= Herjolfsfjord =

Fjord in Greenland

Herjolfsfjord was the Norse name of a fjord in Greenland where one of their major homesteads was located. The fjord is approximately 50 km northwest of Cape Farewell and is now called Narssap Sarqa.

== Norse period ==
The name Herjolfsfjord was in honour of Herjolf Bardsson, one of the founding chieftains of the Icelandic Norse colony in Greenland established circa 985 AD, as recounted in the Greenlanders Saga and The Landnámabók. Herjolf's homestead, Herjolfsnes, was located on the western shoreline of the fjord's end, facing the open ocean. The other chieftains favoured the heads of fjords, inland and away from the ocean, where farming conditions were better, which suggests that Herjolf was more interested in establishing a port-of-call than farming. Herjolfsfjord was the southern- and easternmost extent of major Norse homesteading in Greenland. Archeologists have identified 8 other smaller Norse sites on the fjord, about half on each side.

== Modern period ==
The modern Greenlandic name of the fjord is Narssap Sarqa, with the northwest fork called Amitsuarssuk. It features one community, Narsarmijit (sometimes appearing on maps as Narsaq Kujalleq and formerly Frederiksdal), located on the eastern shoreline about 3 km across the fjord from the ruins of the old Herjolfsnes homestead.
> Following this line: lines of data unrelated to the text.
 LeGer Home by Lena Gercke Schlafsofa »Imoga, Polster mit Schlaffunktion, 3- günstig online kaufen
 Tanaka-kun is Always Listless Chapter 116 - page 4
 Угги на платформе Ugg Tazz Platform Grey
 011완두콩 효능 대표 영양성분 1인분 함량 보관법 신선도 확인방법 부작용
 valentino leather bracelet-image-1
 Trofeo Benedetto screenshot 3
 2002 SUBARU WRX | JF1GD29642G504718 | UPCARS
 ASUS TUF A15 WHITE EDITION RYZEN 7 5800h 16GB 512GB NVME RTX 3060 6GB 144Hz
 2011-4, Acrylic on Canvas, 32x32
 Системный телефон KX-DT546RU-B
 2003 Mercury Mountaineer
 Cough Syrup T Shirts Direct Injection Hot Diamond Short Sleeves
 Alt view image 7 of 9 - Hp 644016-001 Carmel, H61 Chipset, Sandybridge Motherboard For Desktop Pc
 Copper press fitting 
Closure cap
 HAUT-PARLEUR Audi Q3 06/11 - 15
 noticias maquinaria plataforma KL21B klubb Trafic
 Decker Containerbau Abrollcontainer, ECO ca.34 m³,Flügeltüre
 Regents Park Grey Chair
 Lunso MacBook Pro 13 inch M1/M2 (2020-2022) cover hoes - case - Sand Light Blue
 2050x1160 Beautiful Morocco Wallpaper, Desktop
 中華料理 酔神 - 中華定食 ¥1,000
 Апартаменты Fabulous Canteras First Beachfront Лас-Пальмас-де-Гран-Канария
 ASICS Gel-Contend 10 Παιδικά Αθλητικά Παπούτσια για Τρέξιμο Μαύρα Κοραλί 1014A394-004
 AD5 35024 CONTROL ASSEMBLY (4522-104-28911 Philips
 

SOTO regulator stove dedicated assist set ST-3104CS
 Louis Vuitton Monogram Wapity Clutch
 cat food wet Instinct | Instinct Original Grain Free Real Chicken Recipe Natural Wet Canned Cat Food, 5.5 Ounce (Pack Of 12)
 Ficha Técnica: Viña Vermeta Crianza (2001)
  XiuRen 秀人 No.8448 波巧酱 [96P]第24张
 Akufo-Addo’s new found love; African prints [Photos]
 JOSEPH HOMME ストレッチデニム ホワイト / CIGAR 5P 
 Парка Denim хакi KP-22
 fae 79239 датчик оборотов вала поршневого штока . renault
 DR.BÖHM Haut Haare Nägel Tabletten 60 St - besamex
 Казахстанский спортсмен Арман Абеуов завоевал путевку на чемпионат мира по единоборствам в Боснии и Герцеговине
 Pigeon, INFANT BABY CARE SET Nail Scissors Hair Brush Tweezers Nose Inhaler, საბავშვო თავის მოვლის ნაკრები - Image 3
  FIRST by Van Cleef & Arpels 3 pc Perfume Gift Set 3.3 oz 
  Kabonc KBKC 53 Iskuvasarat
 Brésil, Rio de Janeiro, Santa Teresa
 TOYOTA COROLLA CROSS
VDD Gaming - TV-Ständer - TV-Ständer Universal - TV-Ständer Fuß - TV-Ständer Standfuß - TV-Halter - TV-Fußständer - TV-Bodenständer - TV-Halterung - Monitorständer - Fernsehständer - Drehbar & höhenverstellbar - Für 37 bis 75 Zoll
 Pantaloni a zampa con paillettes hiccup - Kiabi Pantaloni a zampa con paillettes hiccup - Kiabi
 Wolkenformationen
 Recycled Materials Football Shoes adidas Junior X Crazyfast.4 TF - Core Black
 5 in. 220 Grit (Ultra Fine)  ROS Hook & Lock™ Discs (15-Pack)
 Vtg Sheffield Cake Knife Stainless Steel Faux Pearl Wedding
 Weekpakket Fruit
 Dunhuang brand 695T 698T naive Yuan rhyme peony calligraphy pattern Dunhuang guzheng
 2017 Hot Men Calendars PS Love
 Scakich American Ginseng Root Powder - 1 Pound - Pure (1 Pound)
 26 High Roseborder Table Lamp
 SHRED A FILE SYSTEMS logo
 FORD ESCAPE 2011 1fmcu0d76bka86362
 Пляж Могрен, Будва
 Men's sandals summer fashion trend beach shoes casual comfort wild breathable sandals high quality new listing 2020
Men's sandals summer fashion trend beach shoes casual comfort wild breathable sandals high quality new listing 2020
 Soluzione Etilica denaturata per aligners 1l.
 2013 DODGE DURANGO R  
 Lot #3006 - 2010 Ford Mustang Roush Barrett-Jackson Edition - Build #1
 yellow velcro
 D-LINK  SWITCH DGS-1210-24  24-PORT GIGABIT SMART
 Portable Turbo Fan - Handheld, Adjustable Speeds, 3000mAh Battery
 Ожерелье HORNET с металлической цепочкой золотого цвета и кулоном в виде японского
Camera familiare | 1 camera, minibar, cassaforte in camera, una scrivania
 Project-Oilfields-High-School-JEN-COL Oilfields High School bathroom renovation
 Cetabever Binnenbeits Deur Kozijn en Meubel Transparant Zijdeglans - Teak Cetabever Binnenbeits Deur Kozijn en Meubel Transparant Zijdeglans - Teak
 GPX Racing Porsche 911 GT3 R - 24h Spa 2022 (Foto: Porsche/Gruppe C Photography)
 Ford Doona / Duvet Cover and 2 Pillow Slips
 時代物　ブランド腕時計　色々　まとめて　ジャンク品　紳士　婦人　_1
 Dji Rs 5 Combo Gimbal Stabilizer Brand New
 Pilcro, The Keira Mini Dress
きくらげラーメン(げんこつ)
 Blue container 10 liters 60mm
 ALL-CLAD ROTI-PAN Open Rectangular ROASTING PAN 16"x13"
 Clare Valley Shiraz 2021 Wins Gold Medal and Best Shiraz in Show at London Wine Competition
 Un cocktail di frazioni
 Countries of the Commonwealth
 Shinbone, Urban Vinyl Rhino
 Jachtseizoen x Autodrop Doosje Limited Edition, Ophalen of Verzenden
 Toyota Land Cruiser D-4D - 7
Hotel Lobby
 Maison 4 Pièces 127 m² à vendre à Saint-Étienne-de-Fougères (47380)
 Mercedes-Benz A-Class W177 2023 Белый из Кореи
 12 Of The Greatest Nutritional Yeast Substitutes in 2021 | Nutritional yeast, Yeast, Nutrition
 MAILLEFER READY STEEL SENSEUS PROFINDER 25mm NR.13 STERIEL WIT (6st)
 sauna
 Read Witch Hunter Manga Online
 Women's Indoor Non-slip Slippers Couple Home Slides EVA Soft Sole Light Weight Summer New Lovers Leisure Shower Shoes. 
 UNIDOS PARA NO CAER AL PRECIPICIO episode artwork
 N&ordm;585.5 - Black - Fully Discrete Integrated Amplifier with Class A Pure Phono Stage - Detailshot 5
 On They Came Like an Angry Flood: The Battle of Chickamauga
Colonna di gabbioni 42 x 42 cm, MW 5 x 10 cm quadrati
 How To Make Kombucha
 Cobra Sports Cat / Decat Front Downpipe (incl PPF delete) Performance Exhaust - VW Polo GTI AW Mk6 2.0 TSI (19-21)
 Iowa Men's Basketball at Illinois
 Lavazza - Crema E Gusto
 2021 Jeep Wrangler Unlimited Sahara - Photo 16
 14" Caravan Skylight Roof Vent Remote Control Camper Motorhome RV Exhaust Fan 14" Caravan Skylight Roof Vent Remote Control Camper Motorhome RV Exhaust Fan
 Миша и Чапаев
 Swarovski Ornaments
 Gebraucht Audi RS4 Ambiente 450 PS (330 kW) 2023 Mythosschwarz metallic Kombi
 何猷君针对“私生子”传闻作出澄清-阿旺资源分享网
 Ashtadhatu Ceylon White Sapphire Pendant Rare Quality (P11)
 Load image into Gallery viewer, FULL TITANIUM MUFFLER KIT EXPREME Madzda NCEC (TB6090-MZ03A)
The Herjolfsnes site later became known by Inuit Greenlanders as Ikigait, but is now uninhabited.

== Details ==
The fjord is approximately 16 km long, about two-thirds of which extends north from the ocean end (59.986577, -44.692687) up to a fork, then turning northwest further inland for approximately 5 km, to the fjord's head (60.125168, -44.754610).